STUDY MATERIAL:

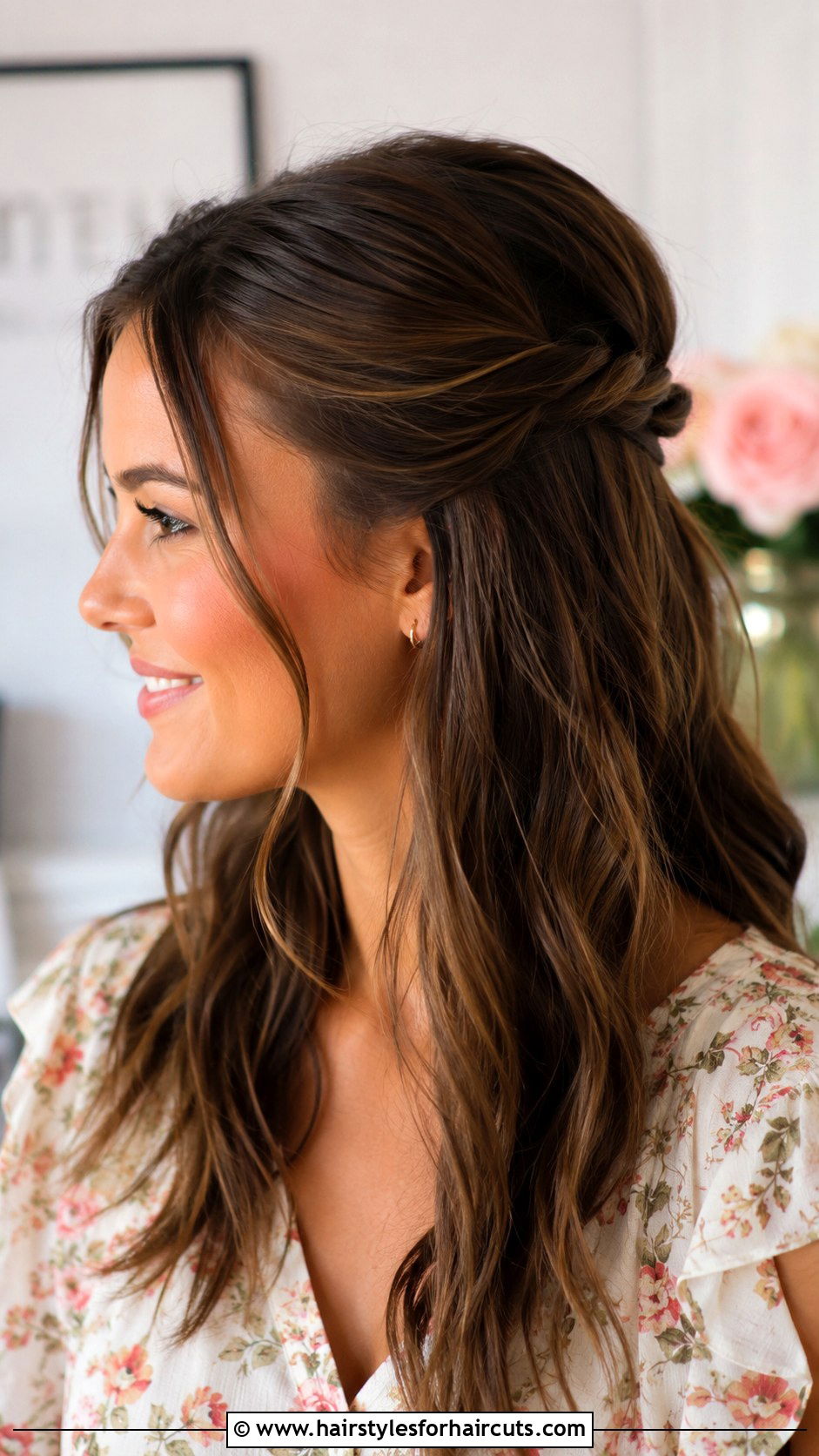 Half Up Half Down Hairstyle - 25 good looking hairstyles - 25 good looking hairstyles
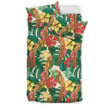 Hawaii Tropical Leaves Flowers And Birds Floral Jungle Bedding Set J71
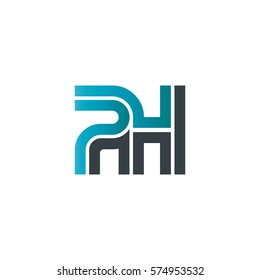 Initial Letter PH Linked Design Logo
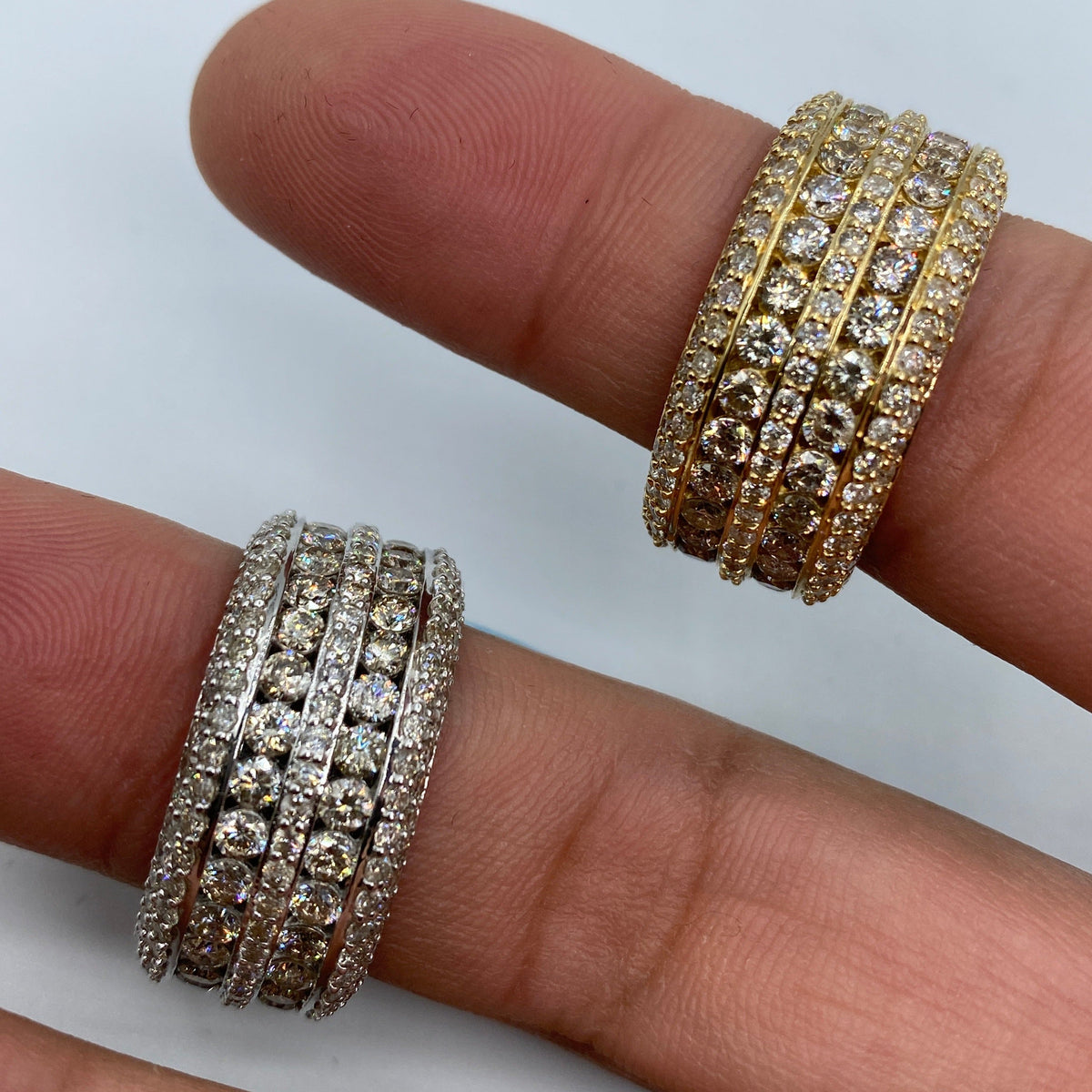 14K Gold Eternity Jumbo Diamond Ring - additional product view 5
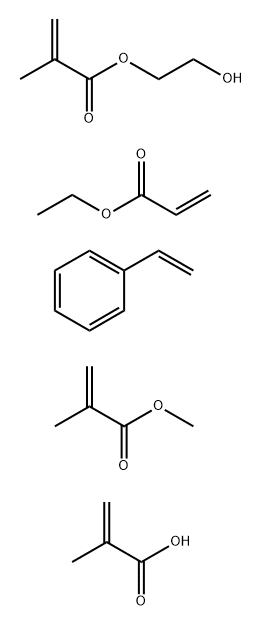 2-프로펜산,2-메틸-,에테닐벤젠,에틸2-프로페노에이트,2-하이드록시에틸2-메틸-2-프로페노에이트및메틸2-메틸-2-프로페노에이트와의중합체 구조식 이미지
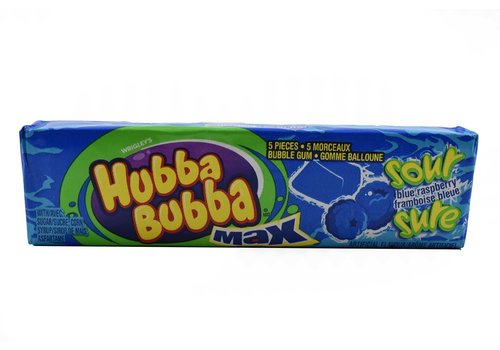 Blue Raspberry Hubba Bubba (5 pieces)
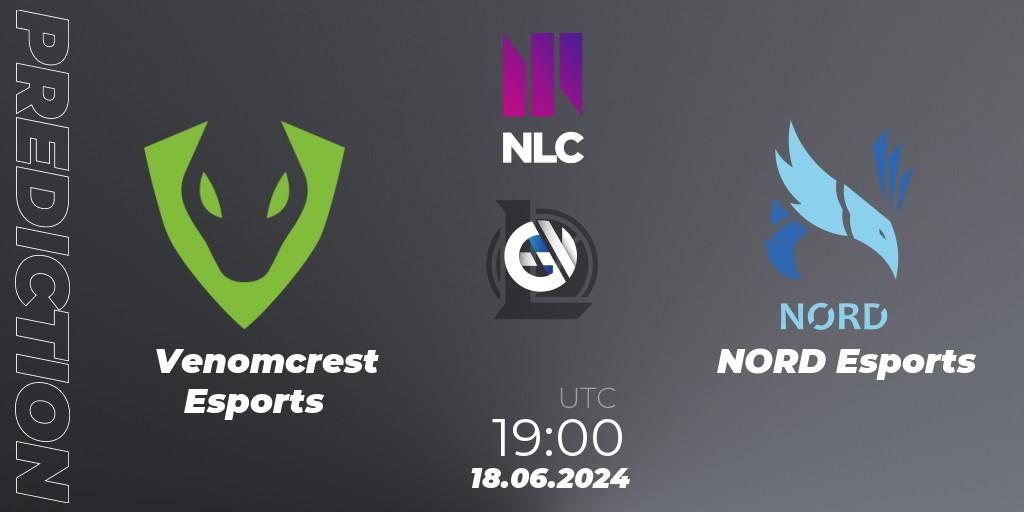 Venomcrest Esports - NORD Esports: ennuste. 18.06.2024 at 19:00, LoL, NLC 1st Division Summer 2024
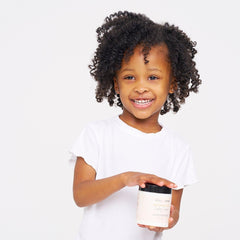 BASK & LATHER crema para rizos con olmo resbaloso facilita el desenredado y reduce el frizz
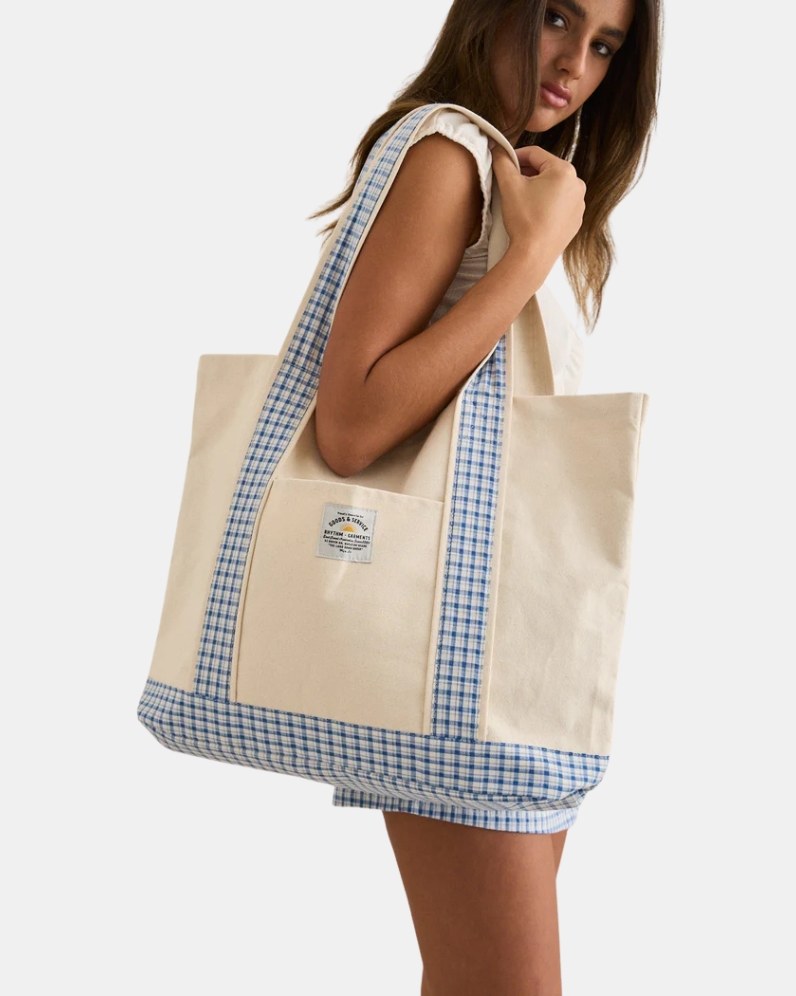 Lola Check Tote Bag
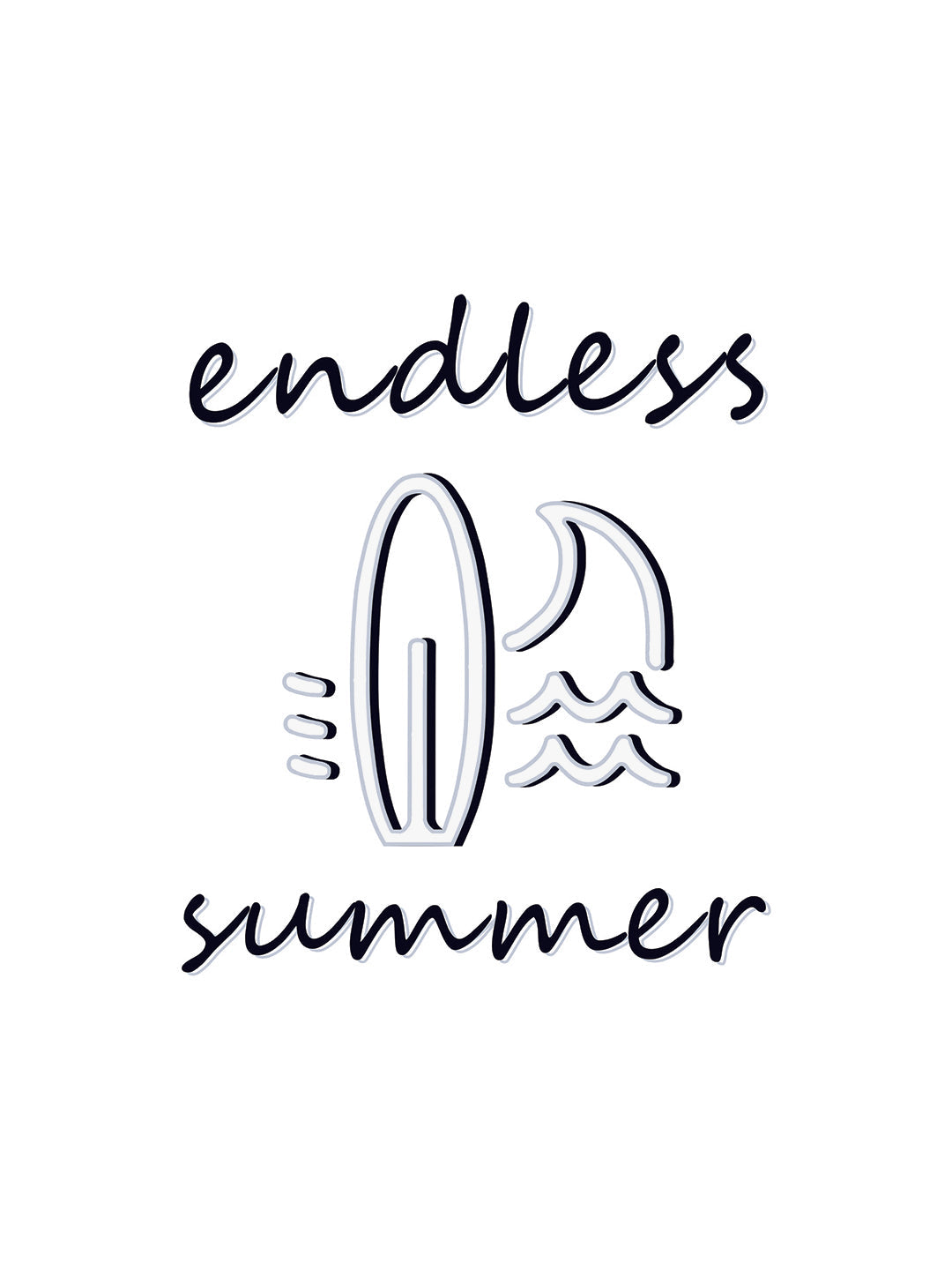 White Rock Ballad Cotton Printed Oversized T-Shirt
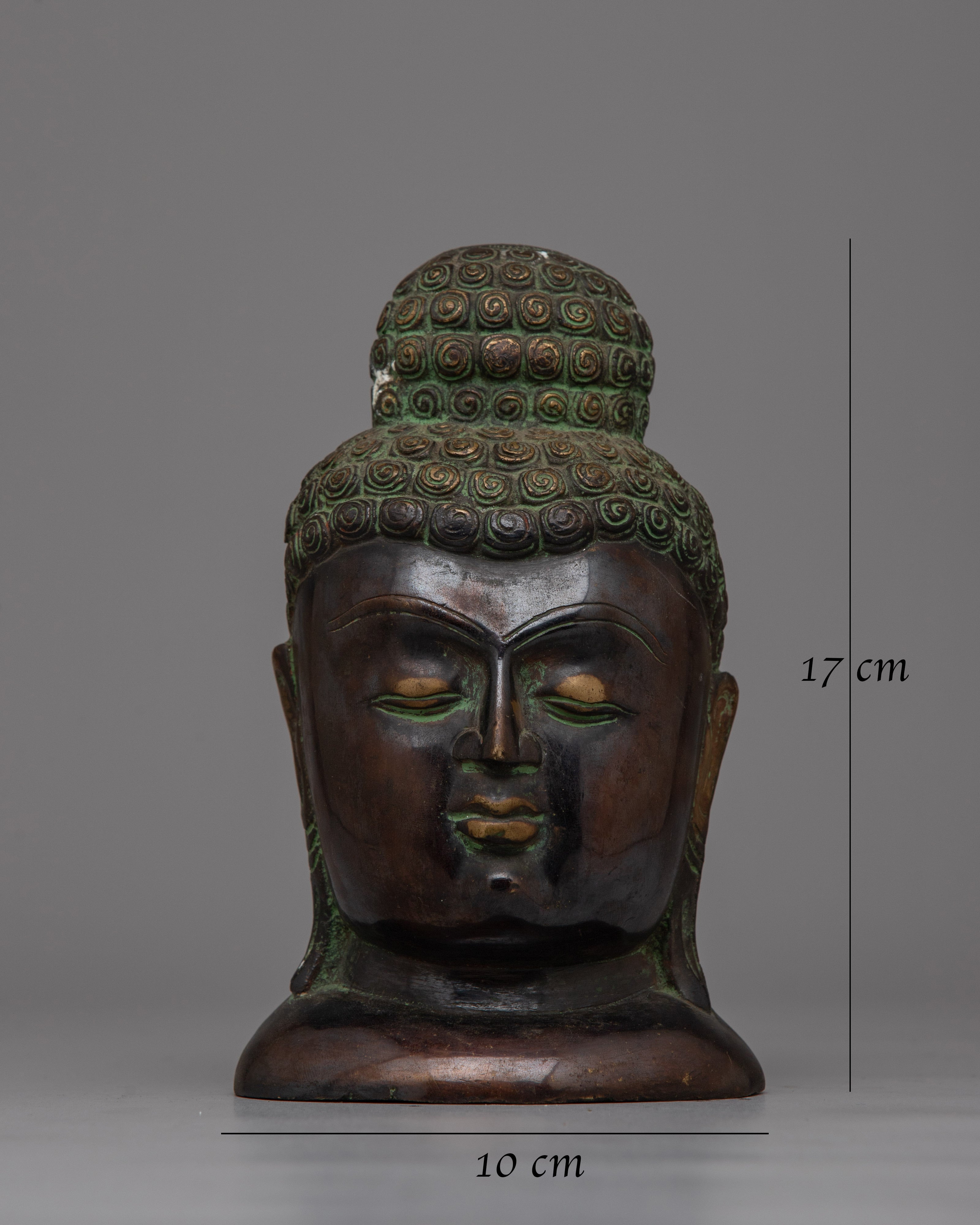 Sacred Buddhist Brass Sculpture | Elegant Spiritual Art for Your Home
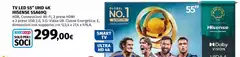 Hisense - Tv Led 55" UHD 4K 55A69Q Hisense - Tv Led 55" UHD 4K 55A69Q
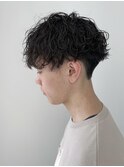波巻きパーマ/メンズカット/メンズパーマ/ツイストスパイラル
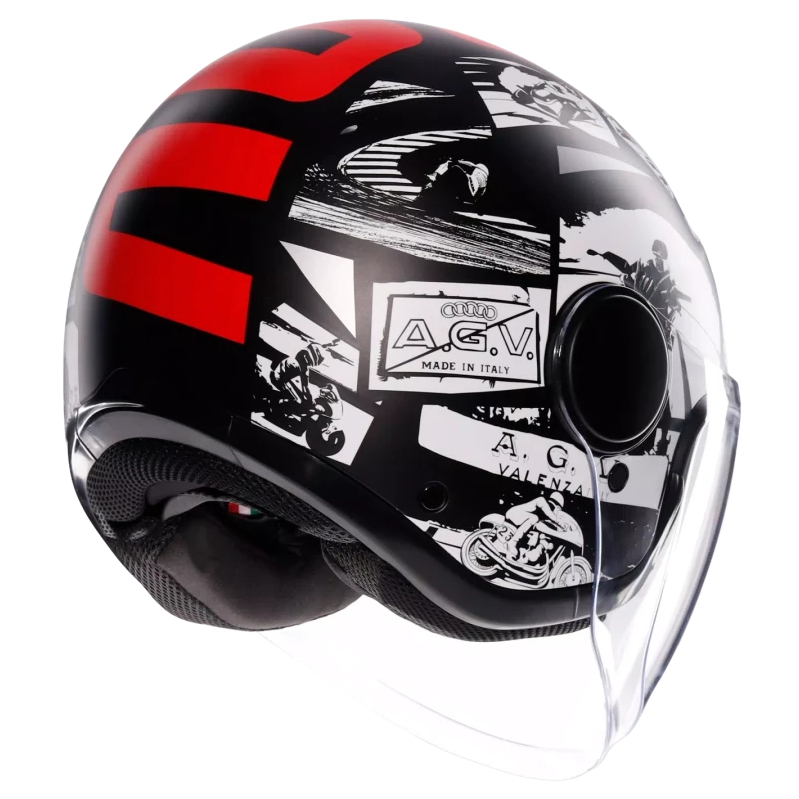 AGV ETERES E2206 HISTORY MATT BLACK / WHITE / RED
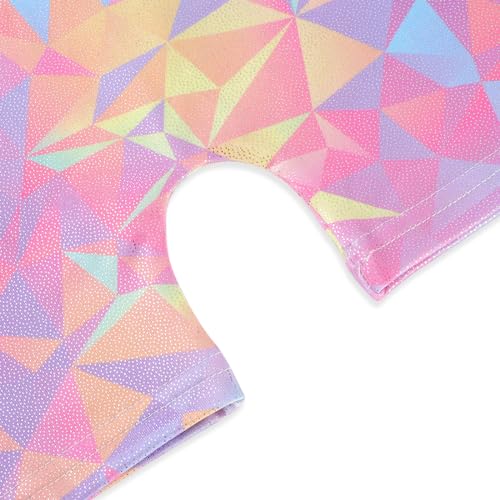 EQSJIU Dance Leotards For Toddler Girls Rainbow Lumpy Girls Gymnastics Unitard 5-6 Years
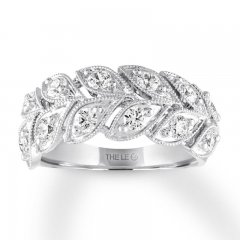 Leo Diamond Anniversary Band 1-1/3 ct tw 14K White Gold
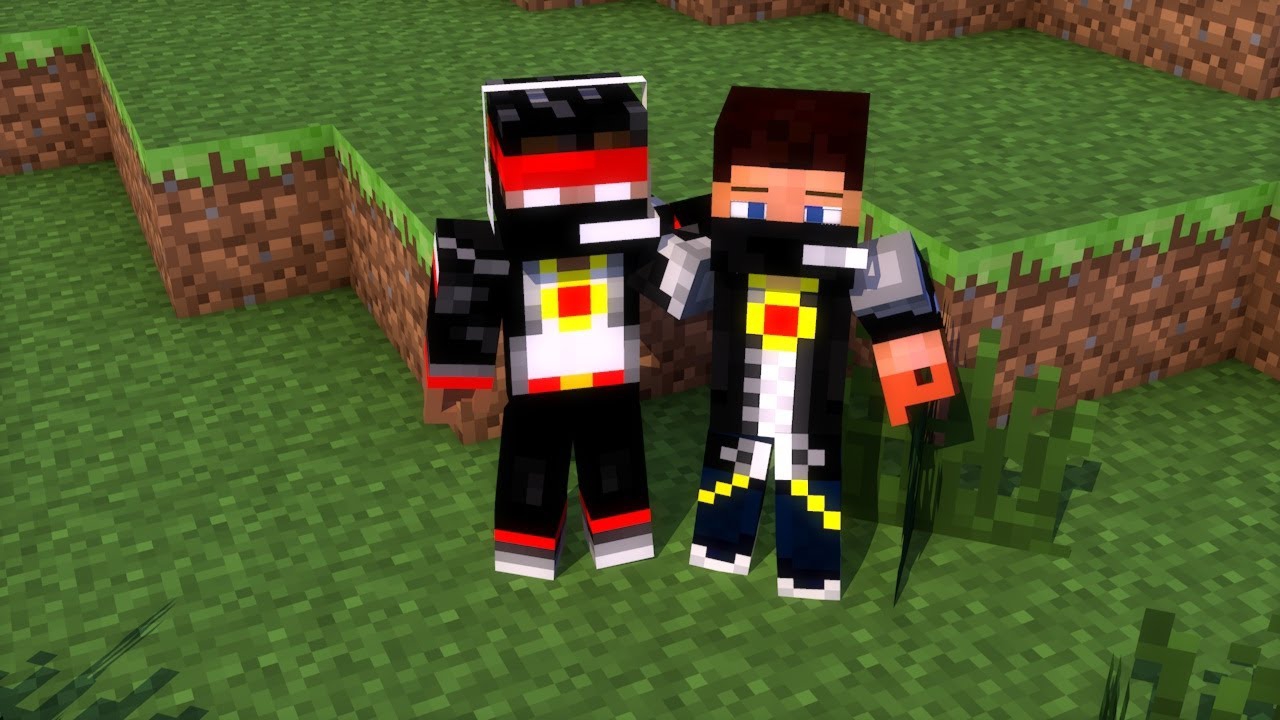 MineCraft [Прохождение карты] -  Приключение двух друзей (Перезалив с канала Лагера)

PROBLEM DETAILS:
Write out an exact reproduction of the lines from the line that holds "AGV ETERES E2206" to the bottom of the listing above, both ends included. Exclude pictures.

YOUR RESPONSE:
 AGV ETERES E2206 HISTORY MATT BLACK / WHITE / RED
 EQSJIU Dance Leotards For Toddler Girls Rainbow Lumpy Girls Gymnastics Unitard 5-6 Years
 Leo Diamond Anniversary Band 1-1/3 ct tw 14K White Gold
 MineCraft [Прохождение карты] -  Приключение двух друзей (Перезалив с канала Лагера)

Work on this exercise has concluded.